Data section Block Start

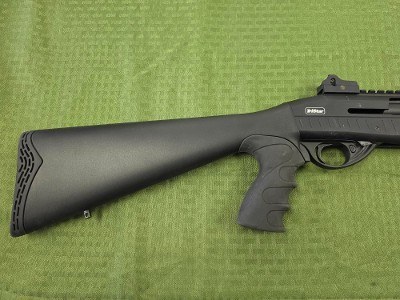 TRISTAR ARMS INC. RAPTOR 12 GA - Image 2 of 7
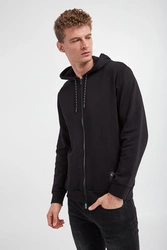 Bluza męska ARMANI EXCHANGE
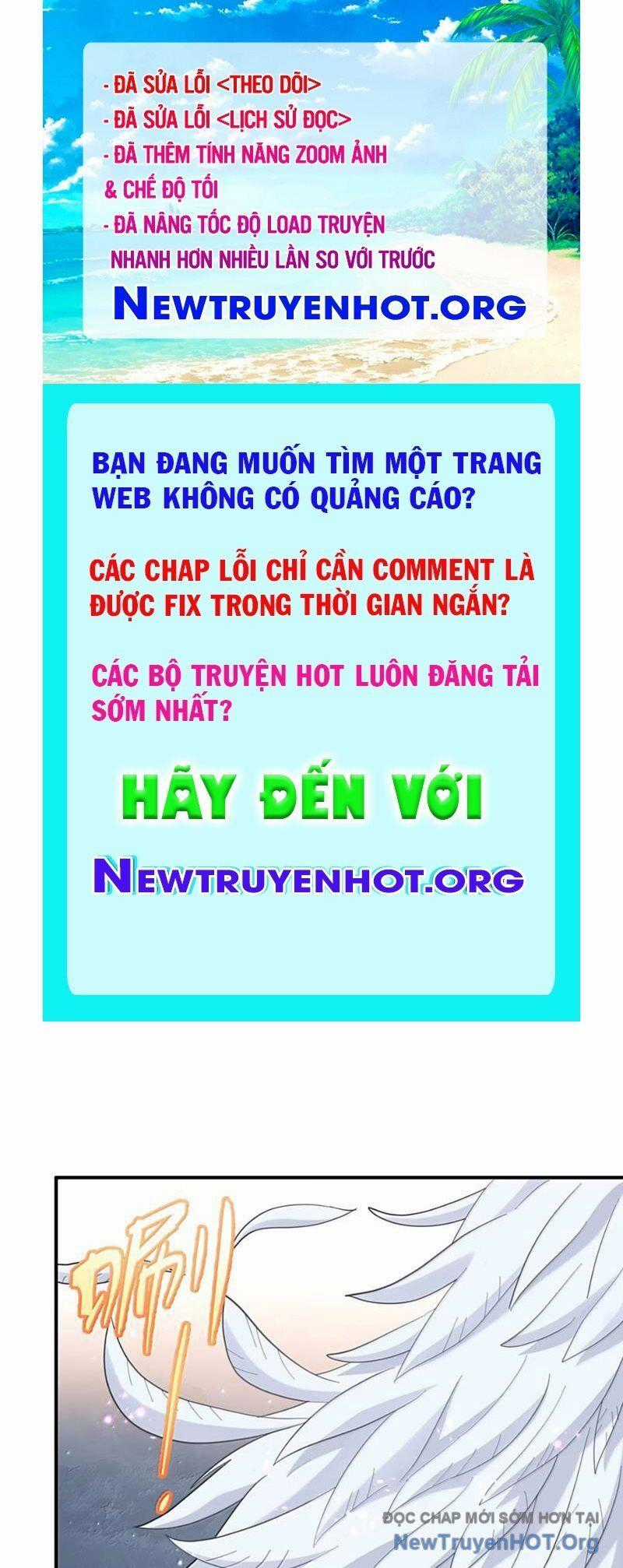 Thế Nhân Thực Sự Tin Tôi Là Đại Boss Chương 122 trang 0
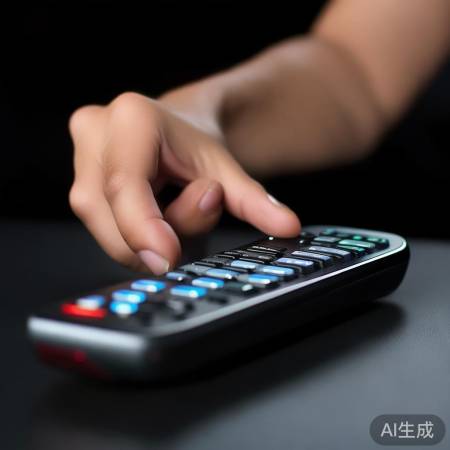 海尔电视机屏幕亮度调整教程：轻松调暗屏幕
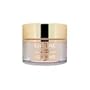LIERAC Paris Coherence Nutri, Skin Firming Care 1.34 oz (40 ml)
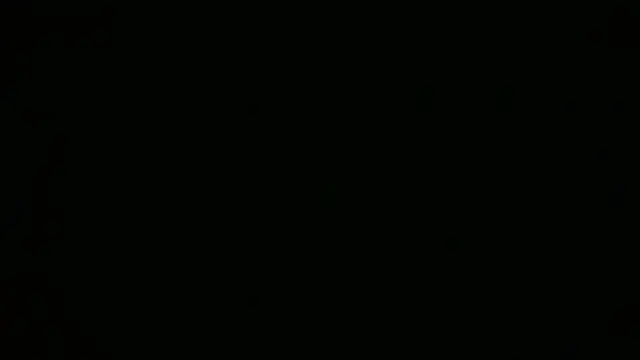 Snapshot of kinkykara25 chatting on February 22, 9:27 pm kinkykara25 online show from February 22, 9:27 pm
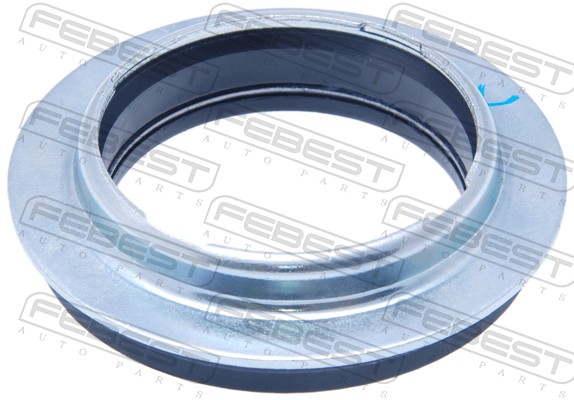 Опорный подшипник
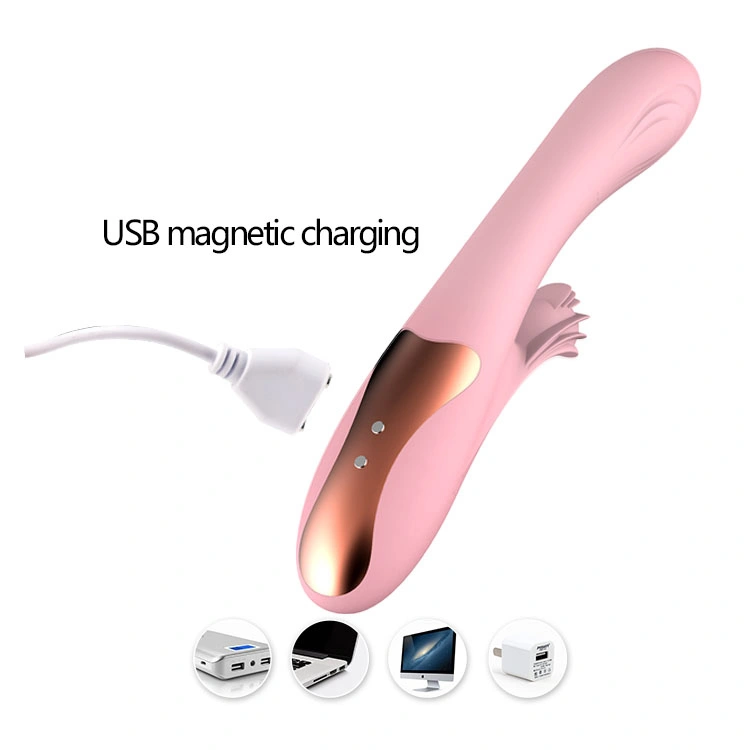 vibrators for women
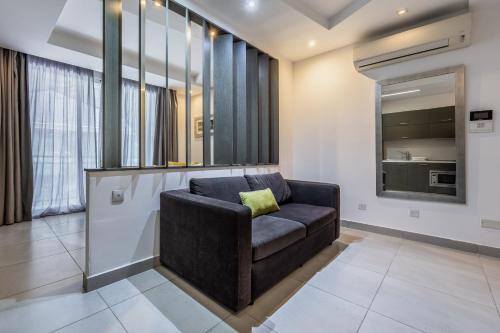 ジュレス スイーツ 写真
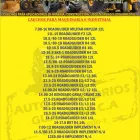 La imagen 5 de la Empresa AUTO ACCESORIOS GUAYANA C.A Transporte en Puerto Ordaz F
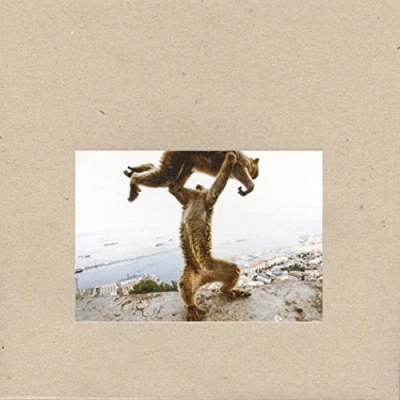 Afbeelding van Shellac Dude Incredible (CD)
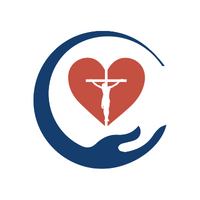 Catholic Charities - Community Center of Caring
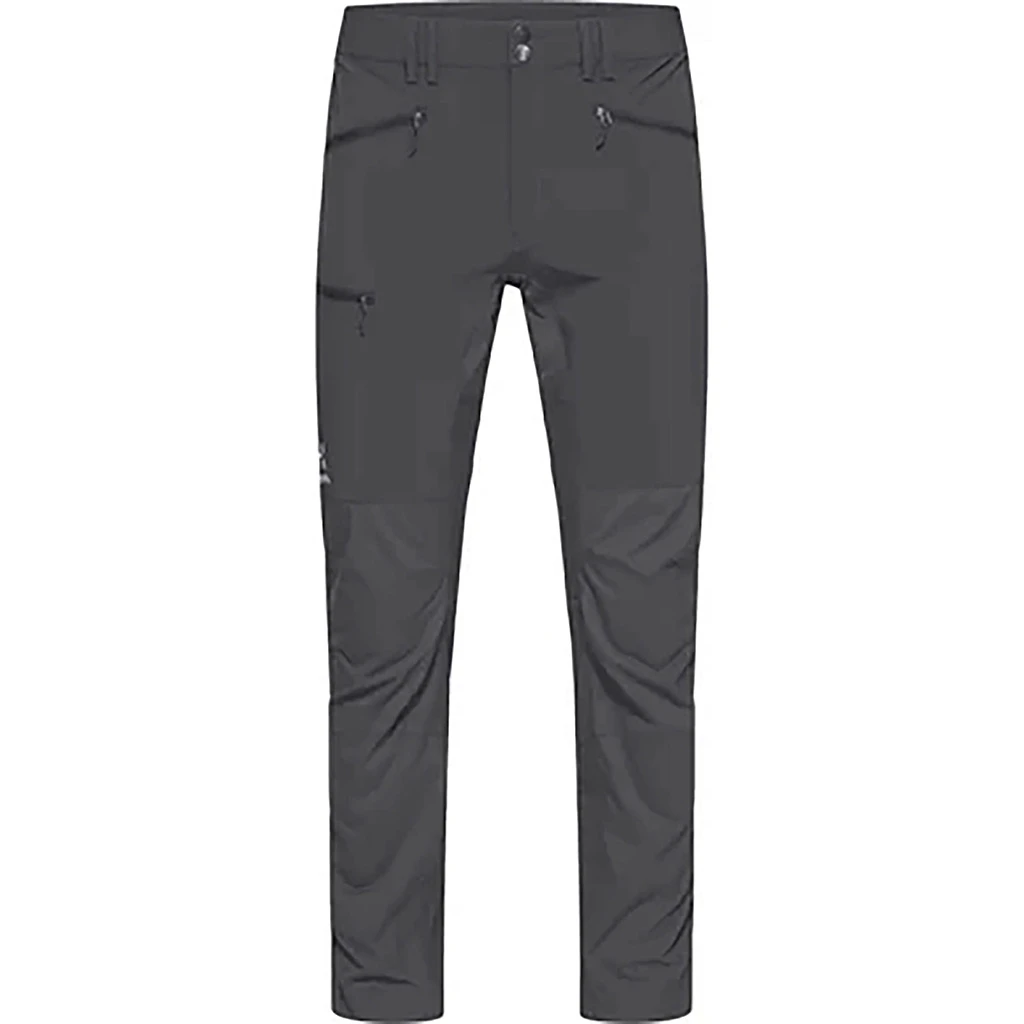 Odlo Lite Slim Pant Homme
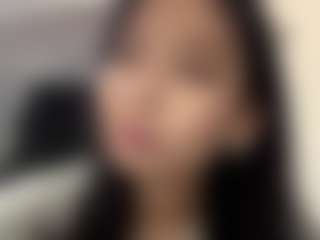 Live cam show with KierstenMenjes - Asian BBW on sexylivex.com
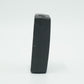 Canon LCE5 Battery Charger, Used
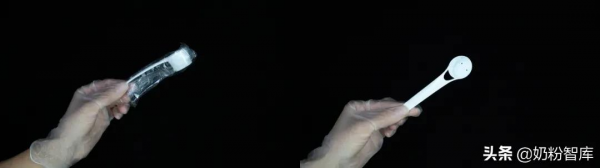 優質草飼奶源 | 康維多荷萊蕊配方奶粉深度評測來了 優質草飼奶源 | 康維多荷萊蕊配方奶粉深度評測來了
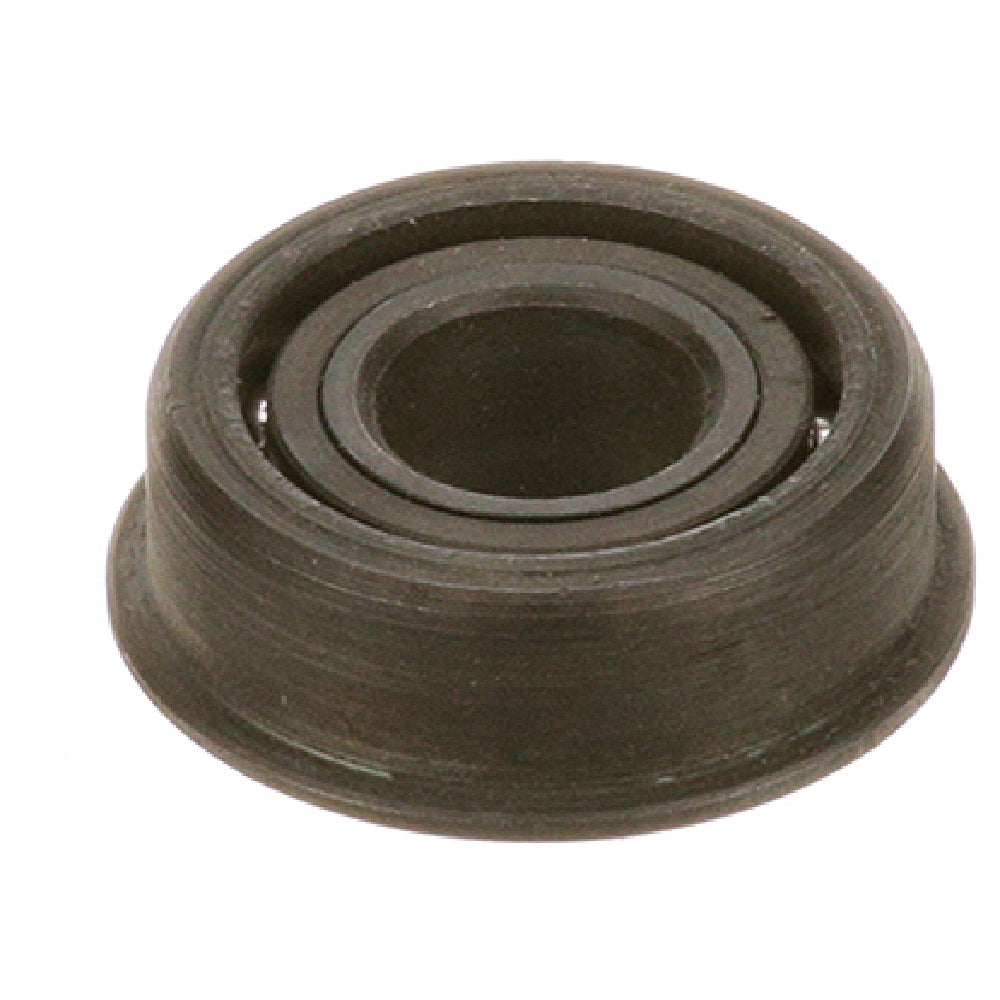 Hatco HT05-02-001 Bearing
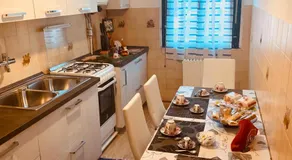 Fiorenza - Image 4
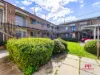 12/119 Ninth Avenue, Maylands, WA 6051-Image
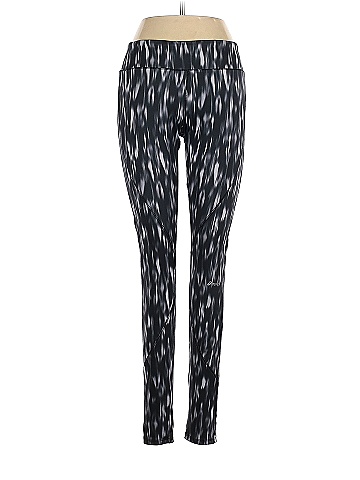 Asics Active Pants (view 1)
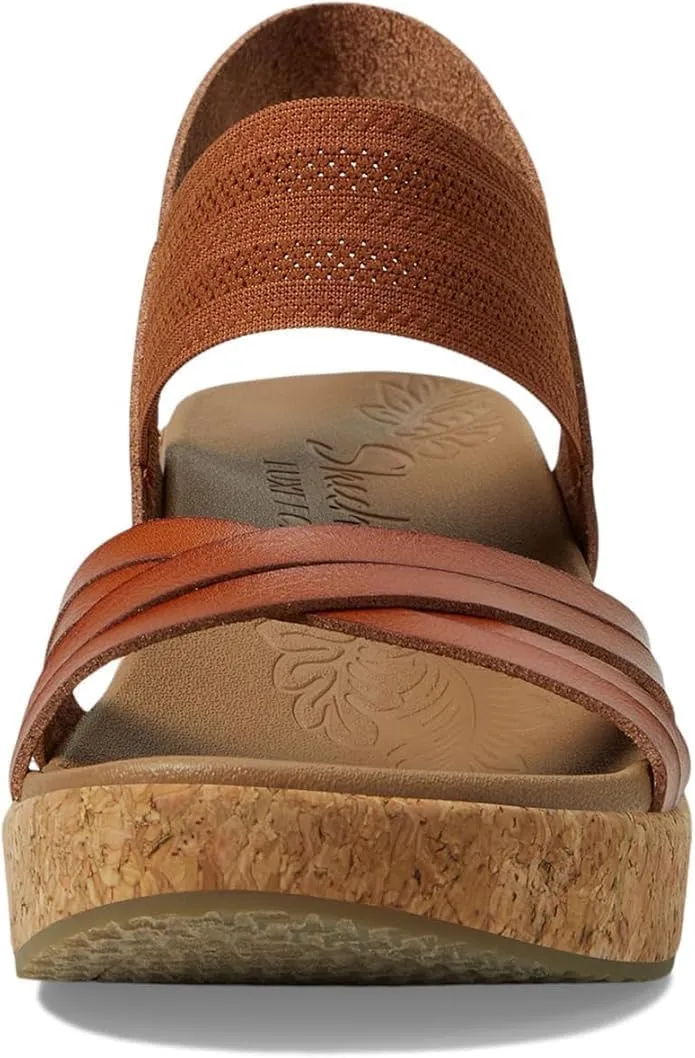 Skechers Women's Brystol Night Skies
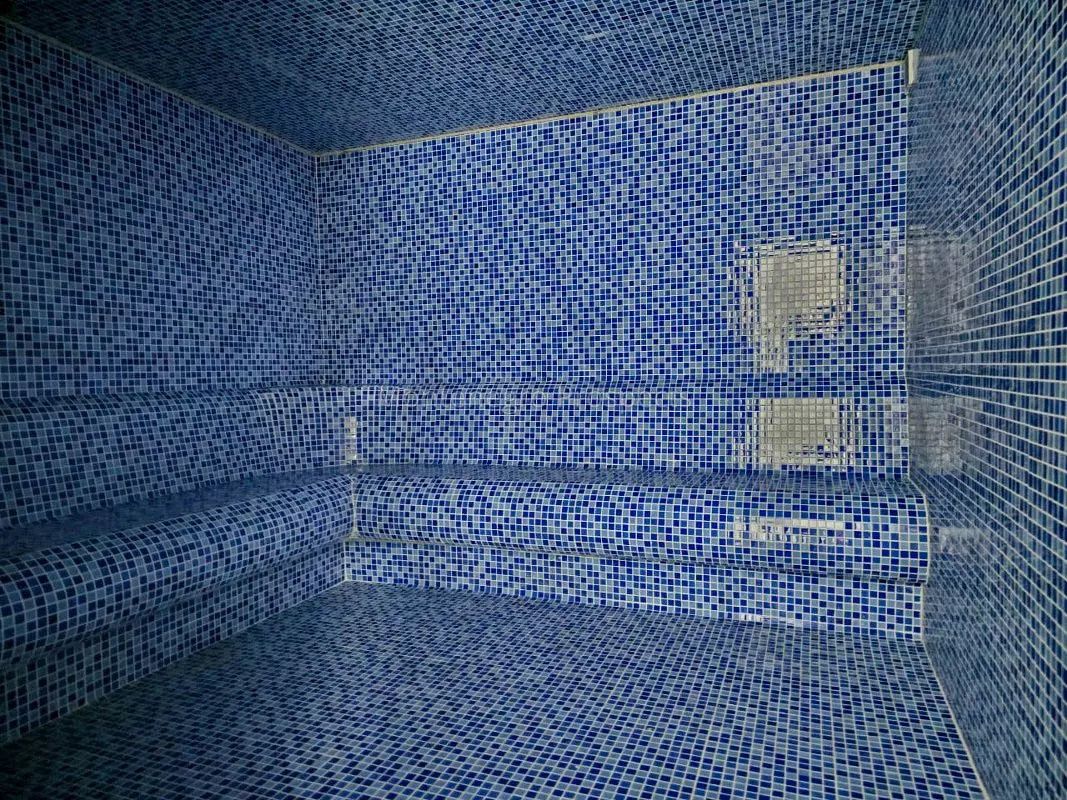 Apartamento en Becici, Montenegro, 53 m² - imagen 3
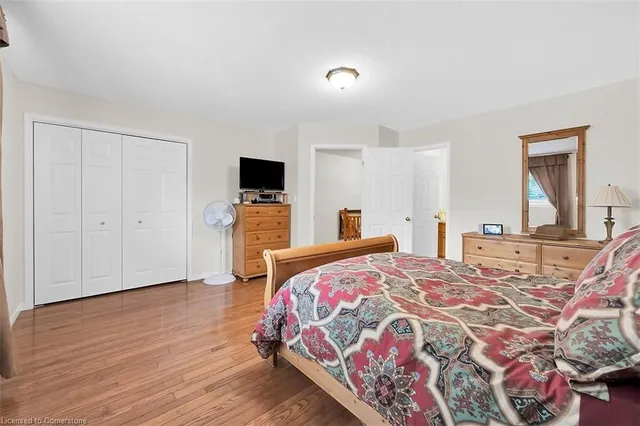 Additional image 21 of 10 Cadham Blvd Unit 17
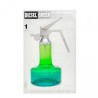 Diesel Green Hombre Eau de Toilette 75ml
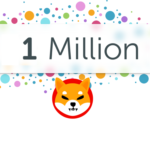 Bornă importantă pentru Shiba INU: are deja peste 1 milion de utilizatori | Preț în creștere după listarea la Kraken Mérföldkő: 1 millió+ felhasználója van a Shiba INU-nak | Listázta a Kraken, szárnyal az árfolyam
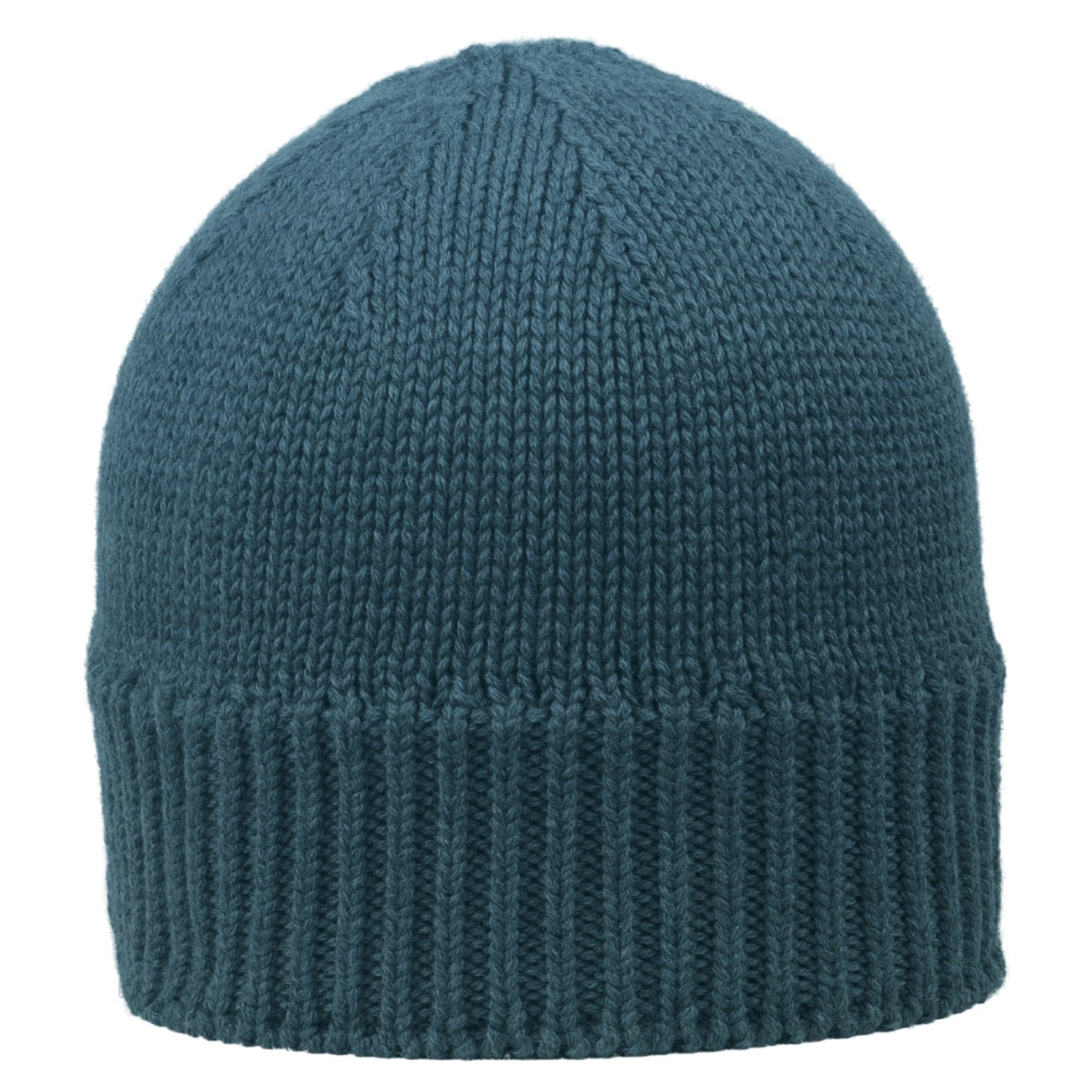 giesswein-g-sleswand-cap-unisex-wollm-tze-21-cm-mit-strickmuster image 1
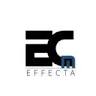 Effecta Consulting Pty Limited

Data section Block End

Task instructions:
What is needed is a word-for-word copy of the lines from the one containing "Additional image 21" through the final line of the records above, both included, with the pictures left out.

Exercise response:
 Additional image 21 of 10 Cadham Blvd Unit 17
 Diesel Green Hombre Eau de Toilette 75ml
 Bornă importantă pentru Shiba INU: are deja peste 1 milion de utilizatori | Preț în creștere după listarea la Kraken Mérföldkő: 1 millió+ felhasználója van a Shiba INU-nak | Listázta a Kraken, szárnyal az árfolyam
 giesswein-g-sleswand-cap-unisex-wollm-tze-21-cm-mit-strickmuster image 1
 Effecta Consulting Pty Limited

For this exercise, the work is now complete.